Take Amplats, afflicted by illegal strikes from mid-August to early November. For some 13 000 members of its various funds, death and disability benefits continued (through fund self-insurance) although contributions for them ceased at end-September. Self-insurance means that the fund carries the risk for death and disability benefits, but uncertain is whether cover includes deaths and disabilities caused in riots.
Were the dismissed workers not reinstated, the funds would have had to pay the administrators for 13 000 exits at roughly R250 to R450 per exit depending on the type of fund. The total withdrawal would have been about R1,5bn or some R115 400 per member.

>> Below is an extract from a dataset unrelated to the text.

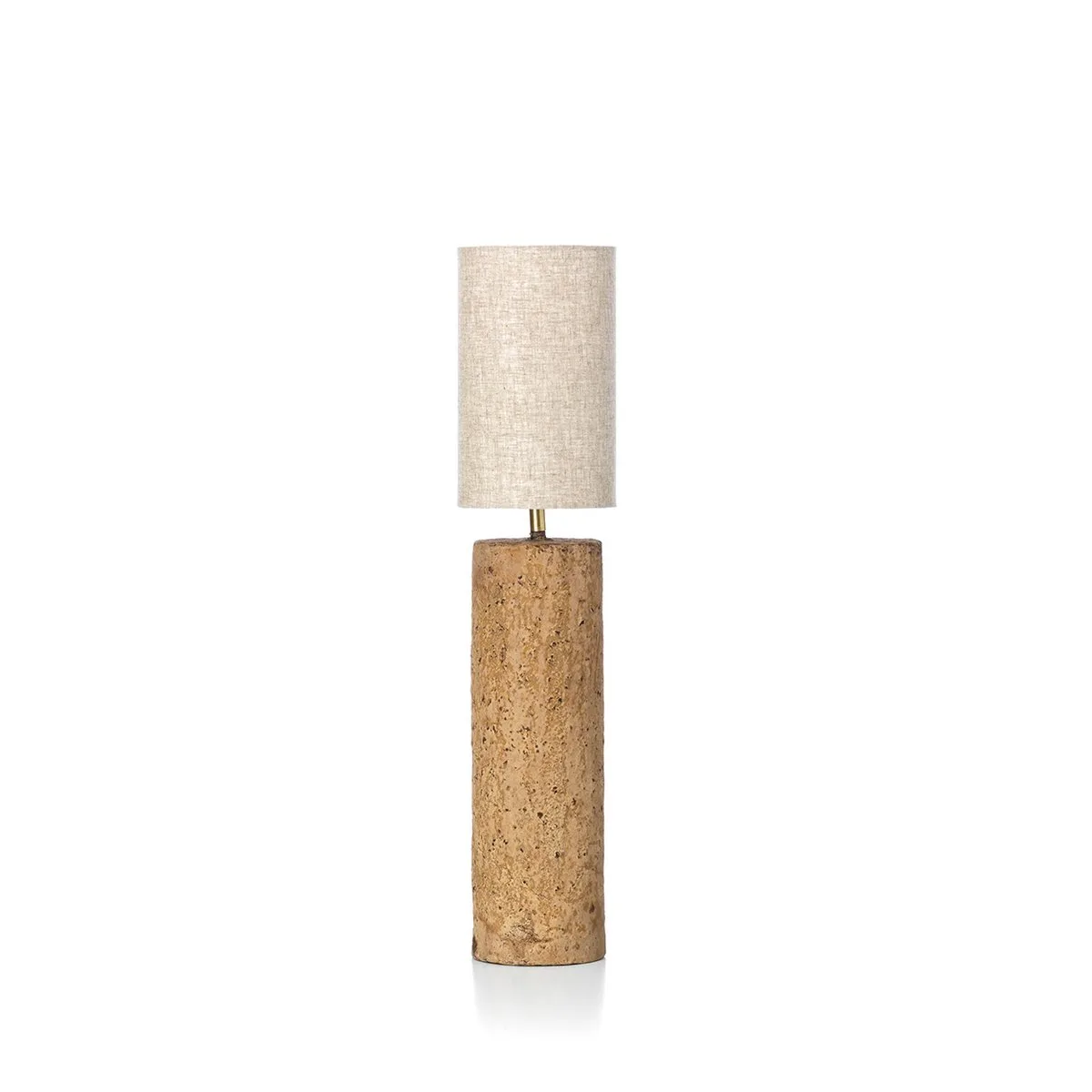 De Totem Tafellamp - Modder - M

Which raises another issue. It’s whether strikers lose their fund membership on dismissal and pocket the cash, to start their membership afresh on reinstatement, or whether they stay in the fund as if they were on authorised unpaid leave.
Rocks on the road
Having been accused of acting too slowly for trade unions on Trilinear, an open question is whether the Financial Services Board acted too quickly in putting the Rockland management company and investment fund into provisional curatorship (TT Sept-Nov ’12). It depends on whether the provisional order is made final.
Should there be an application for final curatorship, there’s a fair chance that at least some of Rocklands’ trade union-related clients will contest it. A preferable alternative might be for Rocklands founder Wentzel Oaker to be removed from all boards, and for the investors to appoint trustees or directors on whom they can rely for protection of their assets. This would avoid the costs of curatorship and prevent the possibility of value destruction by fire sales.

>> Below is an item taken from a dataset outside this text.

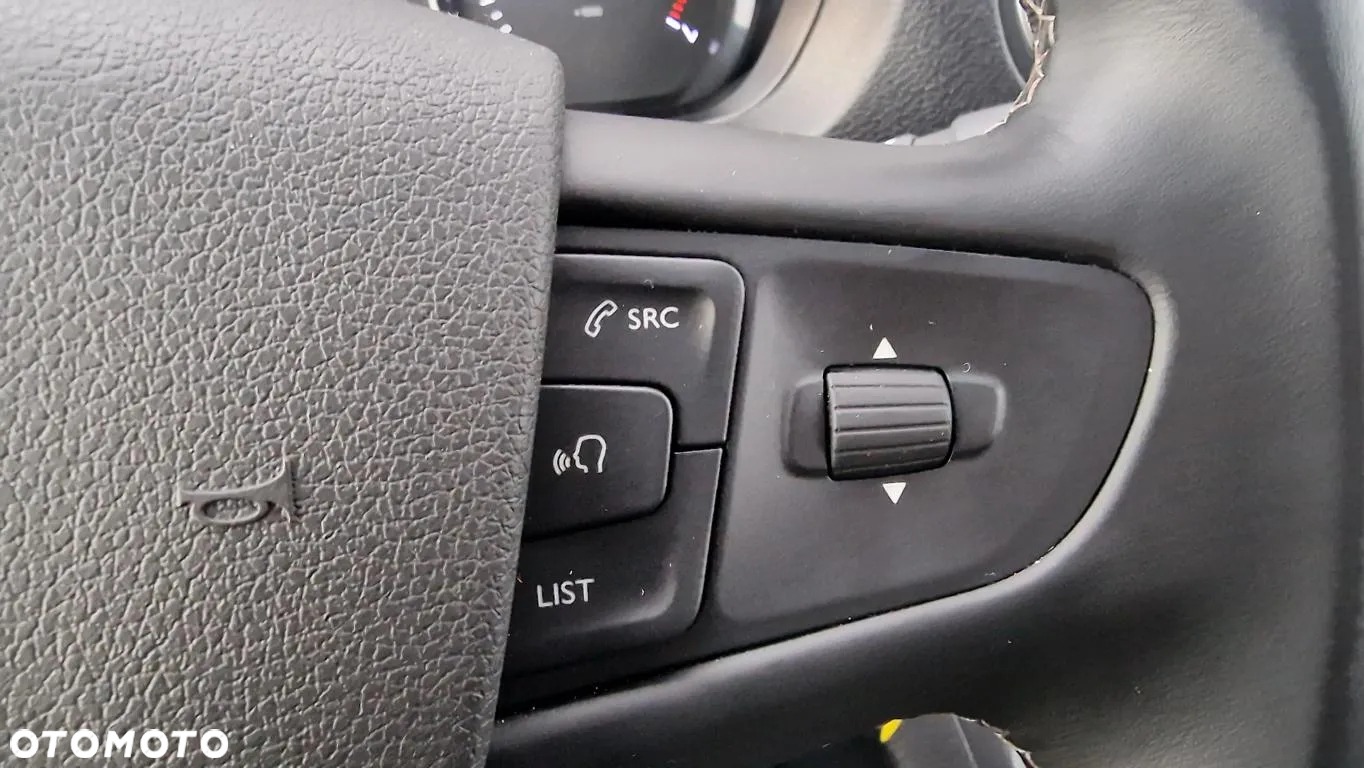 Opel Vivaro Extra Long - 30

Main concerns in the FSB inspection report are that:
Investors in the Rocklands fund are the Engineering Industrial Pension Fund (R200m), Metal Industries Provident Fund (R100m), Mine Employees Pension Fund (R35m), Sentinel Mining Industry Retirement Fund (R65m), Telkom Retirement Fund (R60m), and the national provident fund of the Paper, Print, Wood & Allied Workers Union (R59m). Those canvassed by TT claim to have satisfied themselves with due diligences before making their investments
Oakley will have to look after himself, and answer pointed questions that come his way. The funds should be capable of looking after themselves, unless the FSB believes otherwise.
Also likely soon to come before the courts are appeals against the series of determinations handed down by Adjudicator Muvhango Lukhaimane. She’d ruled that four umbrella funds with combined value of around R800m, maladministered by Dynamique Consultants & Actuaries, would have to pay back to members the 2,5% of their fund values that had been deducted for rebuilds of the respective databases.
Complaints were upheld that, having paid their normal administration fees, the additional deduction was unlawful. For the four funds, the reimbursement to members would be around R20m.
This is a peculiar situation. Whatever the legal arguments, there’s a practical paradox in the members being reimbursed from their own funds. They shouldn’t hold their breath for quick recoveries from Dynamique kingpin Tony Kamionsky; or from Aon which had the misfortune to attempt a sort-out of the Dynamique mess, as it might be expected to resist litigation.
Win a few . . .
National Treasury has backed down from its proposed amendment to the Financial Services Board Act that there can be no recourse against the FSB and its officials whose actions, in bad faith or negligence, cause financial loss to people they’re supposed to protect from it. The proposal, in the draft Financial Services Laws General Amendment Bill, might well have failed a constitutional test (TTJune-Aug ’12).
Instead, the contentious clause has been changed to immunise the FSB and its officials for anything they do or omit to do in good faith. Call it half a victory.
What shouldn’t be contentious in the bill are the provisions for trustees to “attain such levels of skills and training as may be prescribed by the registrar” within six months of appointment, and to “retain the prescribed levels...throughout that board member’s appointment”.
But two points niggle. First is whether the FSB will take all prescribed training unto itself and, if so, how it’s to be funded. Second, since a formalised educational qualification appears to be envisaged, the trade unions might see it as a barrier to serve as trustees.